Palestina suspende medidas internacionais em prol de negociações

Em recente visita ao Ministério de Relações Exteriores em Ramallah, uma delegação brasileira, acompanhada pelo Portal Vermelho, recebeu informações de que a Autoridade Palestina (AP), comprometida com a retomada do processo de paz, pausou as medidas que buscam a sua integração às agências da ONU. As declarações foram reafirmadas nesta sexta-feira (3) pelo chanceler Riyad Al-Maliki, mas o prazo para a retomada do processo está prestes a terminar.

Por Moara Crivelente, da redação do Vermelho

Presidente Abbas na ONU - ONU

Para demonstrar o comprometimento palestino com o processo de negociações com Israel, mediadas pelos Estados Unidos, pela União Europeia (UE), pela Rússia e pela ONU (o chamado “Quarteto”, considerado ineficaz pela maioria dos cientistas políticos que acompanham o caso), o próprio presidente Mahmoud Abbas prometeu ao presidente dos EUA Barack Obama congelar medidas para incorporação da Palestina às agências da ONU.

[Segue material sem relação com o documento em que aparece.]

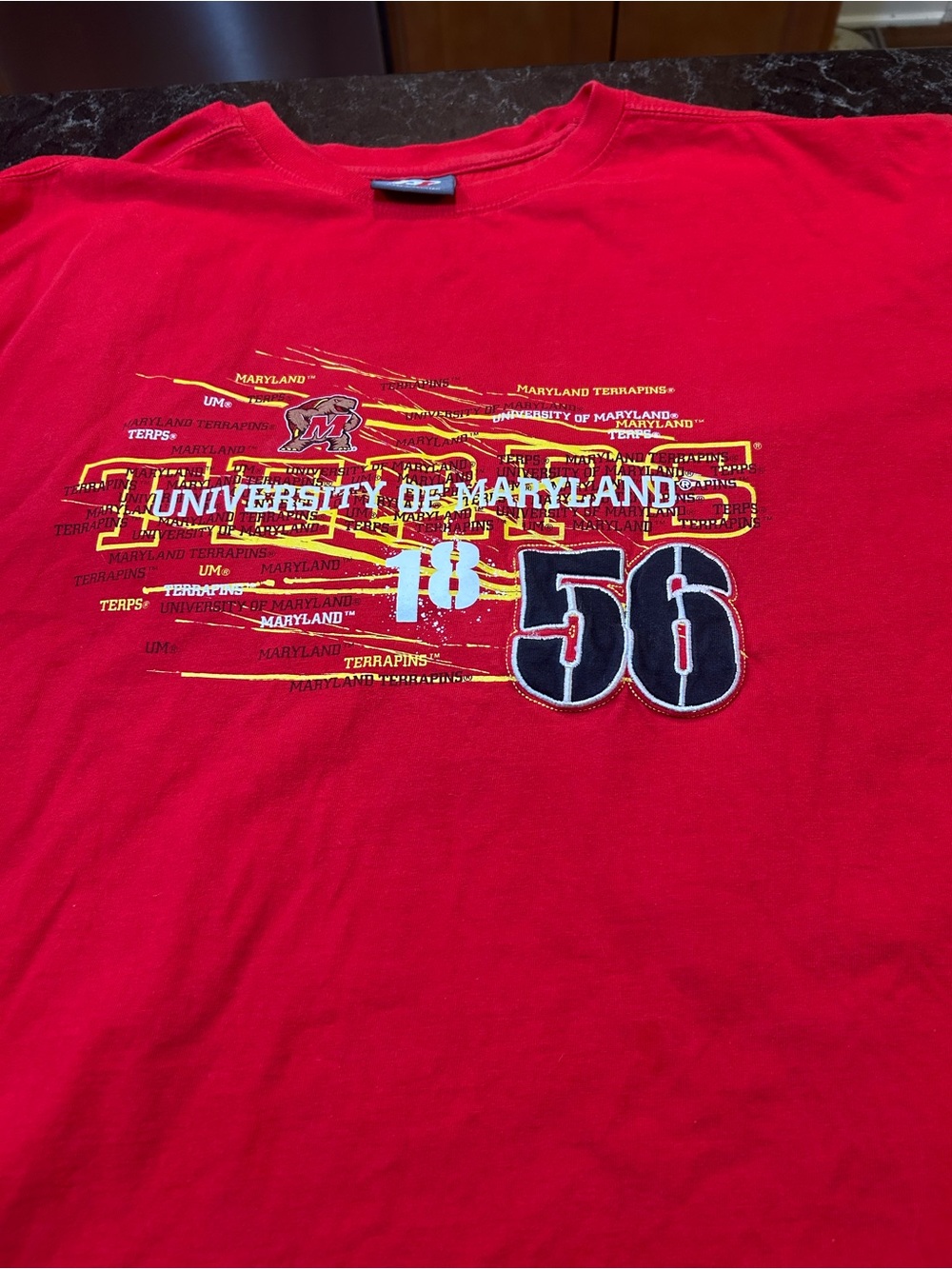 Champion Red Graphic Short Sleeve Tee with Yellow and Black Accents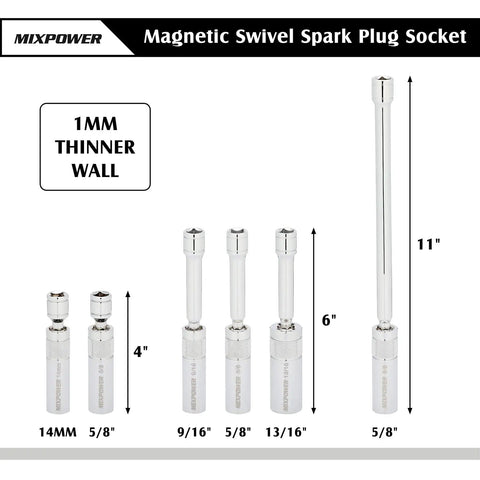 Beefy Magnetic Swivel Spark Plug Socket Set, Three Eighths Inch Drive, Thin Wall 12 Point CR V Steel, 6 Piece Kit with 14mm and 5/8 sockets.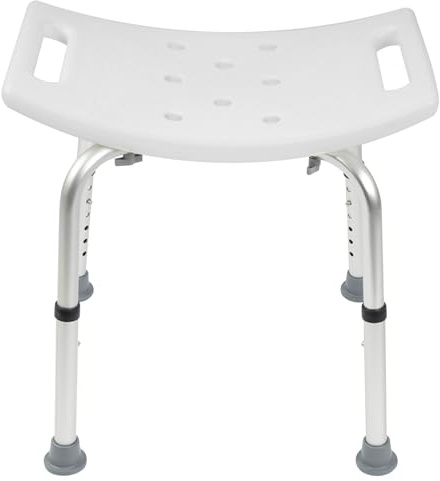 KARAT Duschhocker Noah Plus | Duschstuhl höhenverstellbar 38-53cm - belastbar bis 136kg - Badhocker für Dusche & Bad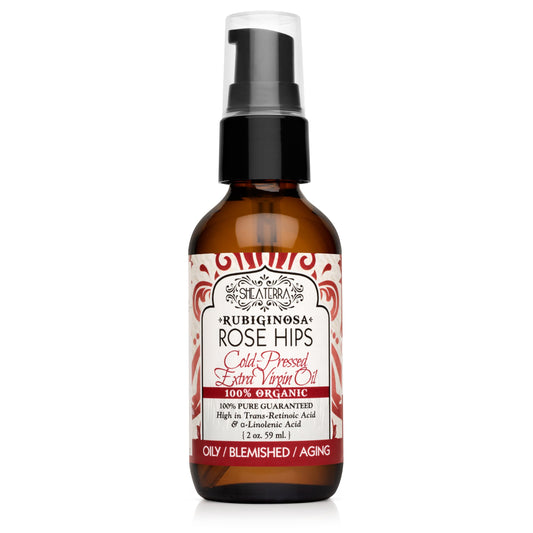 Shea Terra Rubignosa Rose Hips Cold-Pressed Extra Virgin Oil, All Natural & Organic Oil Rich in Antioxidants and Fatty Acids for Skin Repair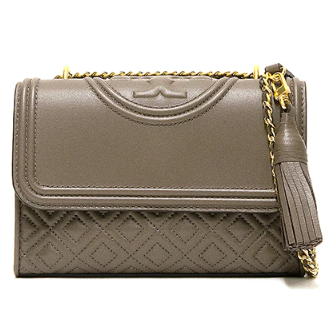 Tory Burch Fleming Convertible 27 Shoulder Bag ( Silver Maple)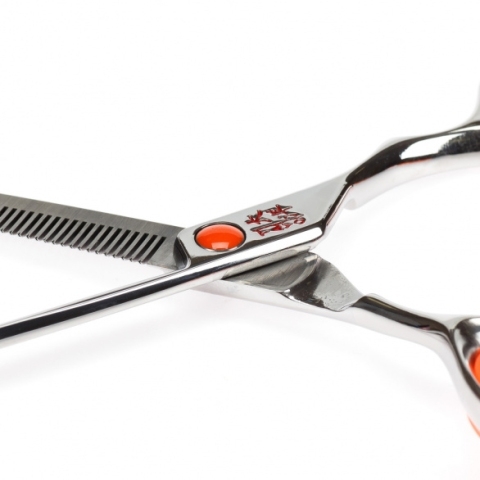 TQ65540S Ножницы парикмахерские филировочные 5,5" TAYO ORANGE, 40 зубцов, эргономичные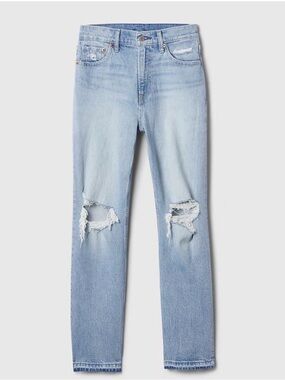 GAP High-Rise Straight Light Wash Jeans with Back Pocket Distress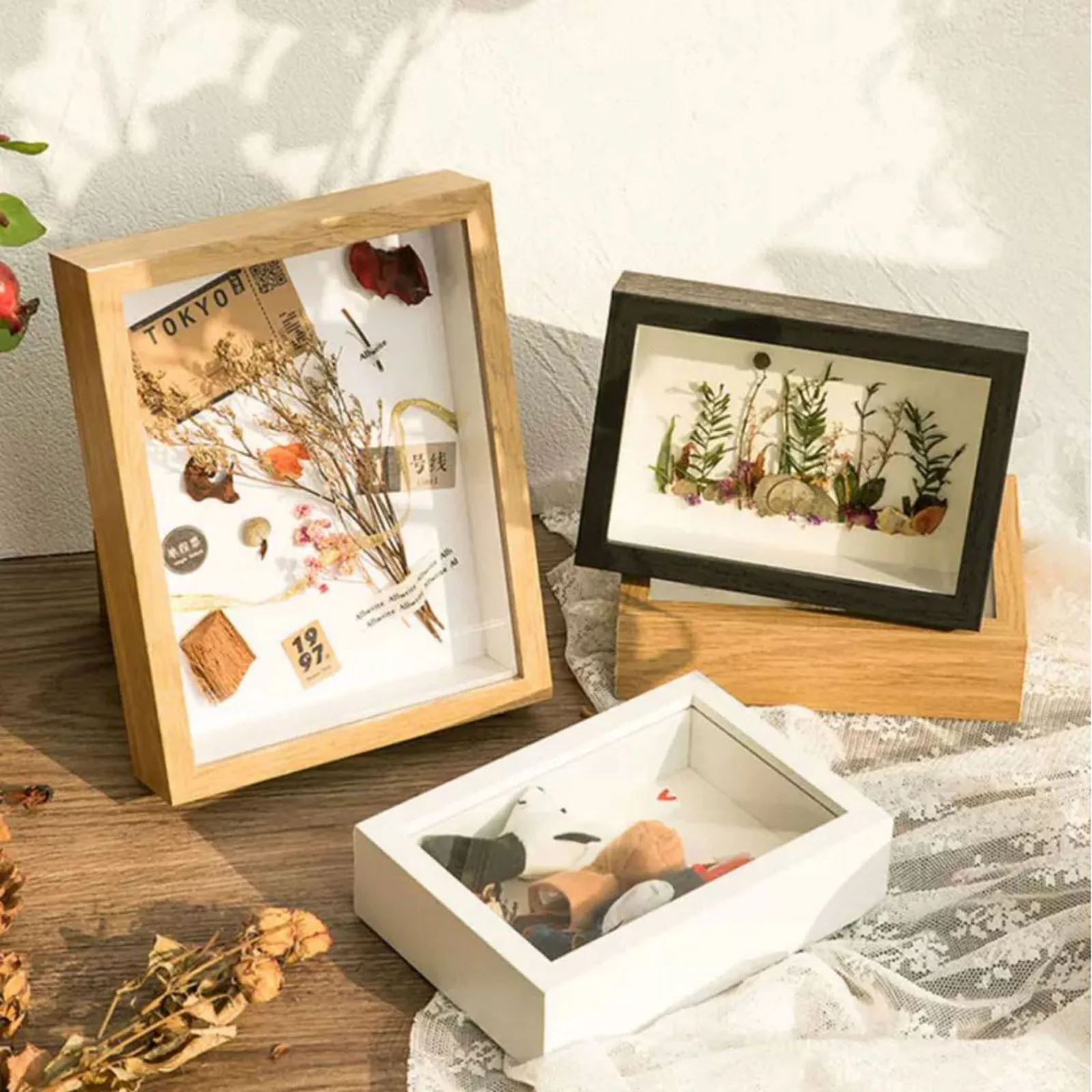 Artificial Board Shadow Box Frame Ornament Tabletop Wall Hanging Shadowbox Dried Flower Display Case DIY Photo Decor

Entretanto, a Autoridade Palestina já demonstrou comprometimento quando reconheceu o Estado de Israel, por exemplo, e aceitou acordos como os de Oslo (1993), considerados extremamente desvantajosos para os palestinos. Além disso, a falta de confiança na eficácia do discurso estadunidense e na disposição israelense para acordos reais é clara e declarada, e o prazo pedido por Obama, de dois meses, está acabando.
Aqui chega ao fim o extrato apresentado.